Blocks we encountered references to before the definition (must be empty after parsing of region completes)

forward_ssa_references: dict[str, dict[int, ForwardDeclaredValue]] = dict() instance-attribute

SSA values that are referenced, but are not yet defined. This field map a name and a tuple index to the forward declared SSA value.

UnresolvedArgument dataclass

A block argument parsed from the assembly. Arguments should be parsed by parse_argument or parse_optional_argument.

Source code in xdsl/parser/core.py

@dataclass
class UnresolvedArgument:
    """
    A block argument parsed from the assembly.
    Arguments should be parsed by `parse_argument` or `parse_optional_argument`.
    """

    name: Span
    """The name as displayed in the assembly."""

    def resolve(self, type: Attribute) -> Parser.Argument:
        return Parser.Argument(self.name, type)

name: Span instance-attribute

The name as displayed in the assembly.

__init__(name: Span) -> None

resolve(type: Attribute) -> Parser.Argument

Source code in xdsl/parser/core.py

def resolve(self, type: Attribute) -> Parser.Argument:
    return Parser.Argument(self.name, type)

Argument dataclass

A block argument parsed from the assembly. Arguments should be parsed by parse_argument or parse_optional_argument.

Source code in xdsl/parser/core.py

@dataclass
class Argument:
    """
    A block argument parsed from the assembly.
    Arguments should be parsed by `parse_argument` or `parse_optional_argument`.
    """

    name: Span
    """The name as displayed in the assembly."""

    type: Attribute
    """The type of the argument, if any."""

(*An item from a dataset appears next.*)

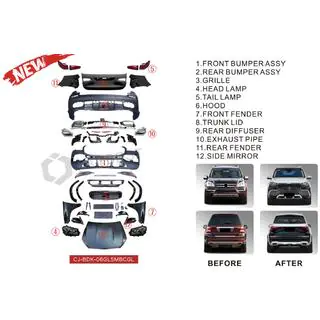 Kit Restyling catre GLS X167 Maybach foto 2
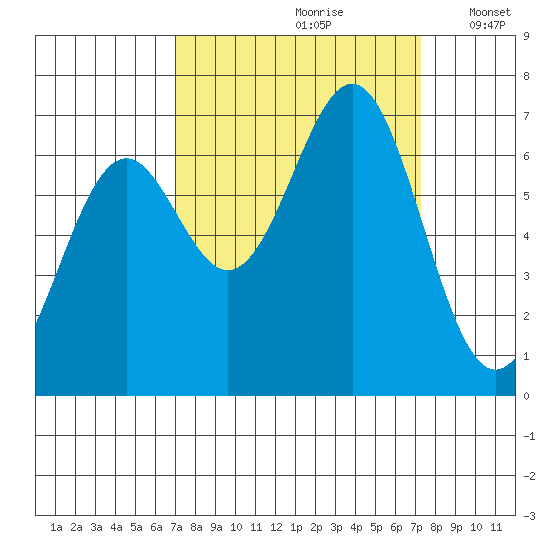 Newport Oregon tide chart for Wednesday, September 20, 2023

name: Span instance-attribute

The name as displayed in the assembly.

type: Attribute instance-attribute

The type of the argument, if any.

__init__(name: Span, type: Attribute) -> None

__init__(ctx: Context, input: str, name: str = '<unknown>') -> None

Source code in xdsl/parser/core.py

def __init__(
    self,
    ctx: Context,
    input: str,
    name: str = "<unknown>",
) -> None:
    super().__init__(ParserState(MLIRLexer(Input(input, name))), ctx)
    self.ssa_values = dict()
    self.blocks = dict()
    self.forward_block_references = defaultdict(list)
    self.forward_ssa_references = dict()

parse_module(allow_implicit_module: bool = True) -> ModuleOp

Source code in xdsl/parser/core.py

def parse_module(self, allow_implicit_module: bool = True) -> ModuleOp:
    module_op: Operation

    if not allow_implicit_module:
        parsed_op = self.parse_optional_operation()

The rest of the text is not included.